Records from a dataset

■ ■ ■ ■ ■

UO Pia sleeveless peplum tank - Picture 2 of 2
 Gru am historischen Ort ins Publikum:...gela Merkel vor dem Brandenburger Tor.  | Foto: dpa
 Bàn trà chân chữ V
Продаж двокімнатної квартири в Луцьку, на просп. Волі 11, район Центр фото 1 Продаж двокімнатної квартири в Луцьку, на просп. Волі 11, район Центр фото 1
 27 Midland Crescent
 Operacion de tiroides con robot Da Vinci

■ ■ ■ ■ ■

* [Assigned task]
All lines above should be output verbatim.

* [Solved exercise]
UO Pia sleeveless peplum tank - Picture 2 of 2
 Gru am historischen Ort ins Publikum:...gela Merkel vor dem Brandenburger Tor.  | Foto: dpa
 Bàn trà chân chữ V
Продаж двокімнатної квартири в Луцьку, на просп. Волі 11, район Центр фото 1 Продаж двокімнатної квартири в Луцьку, на просп. Волі 11, район Центр фото 1
 27 Midland Crescent
 Operacion de tiroides con robot Da Vinci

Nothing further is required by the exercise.